■ **The data**:
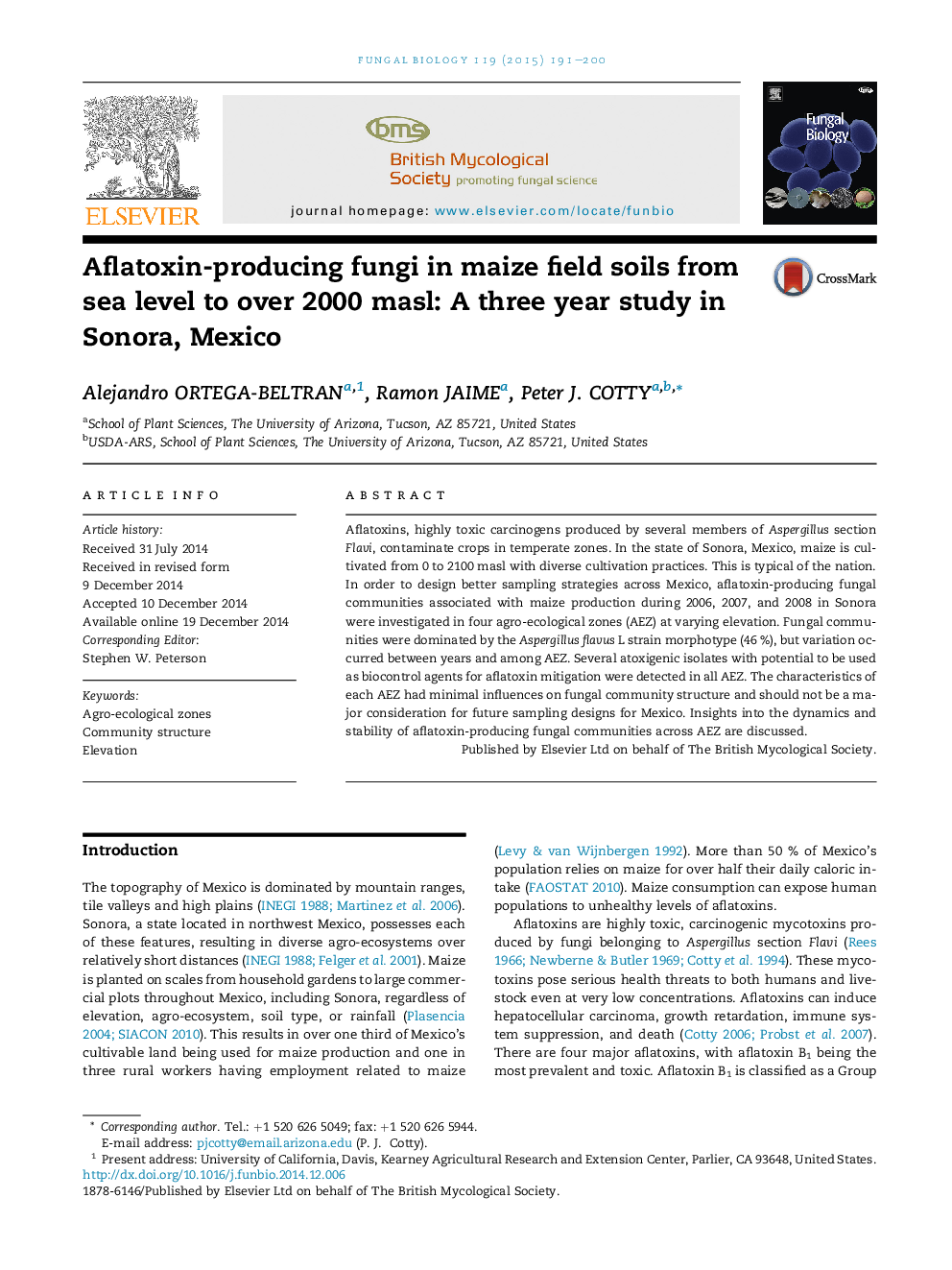 Aflatoxin-producing fungi in maize field soils from sea level to over 2000 masl: A three year study in Sonora, Mexico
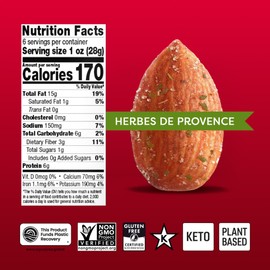 Octonuts Herbes de Provence Roasted Almonds (6oz) Plant Based Protein Snack with Fiber – Keto Friendly, Gluten-Free, Vegan & Non-GMO Verified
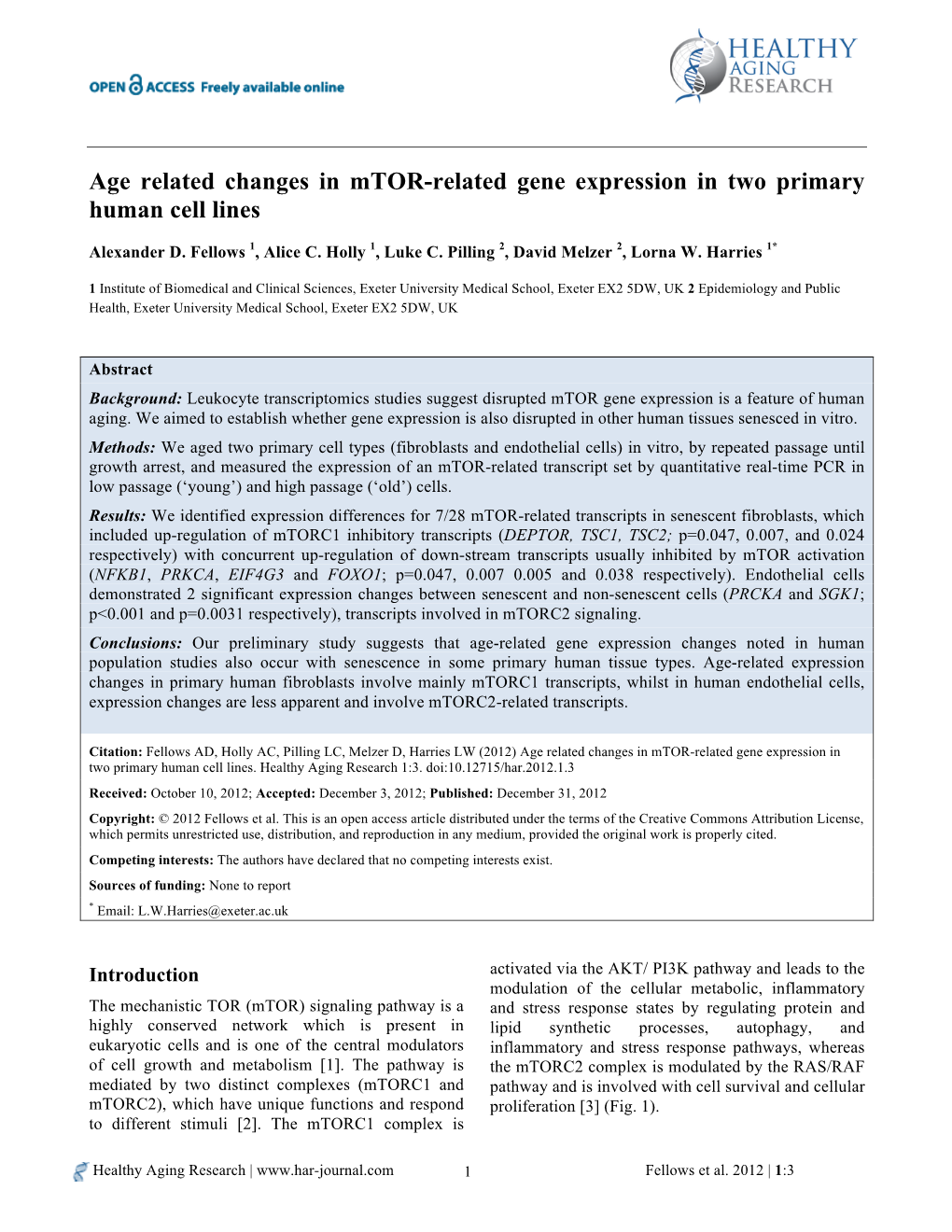 Age Related Changes in Mtor-Related Gene Expression in Two Primary Human Cell Lines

■ **Work item**:
The material above is to be transcribed exactly, with all pictures omitted.

■ **The completed task**:
 Aflatoxin-producing fungi in maize field soils from sea level to over 2000 masl: A three year study in Sonora, Mexico
 Octonuts Herbes de Provence Roasted Almonds (6oz) Plant Based Protein Snack with Fiber – Keto Friendly, Gluten-Free, Vegan & Non-GMO Verified
 Age Related Changes in Mtor-Related Gene Expression in Two Primary Human Cell Lines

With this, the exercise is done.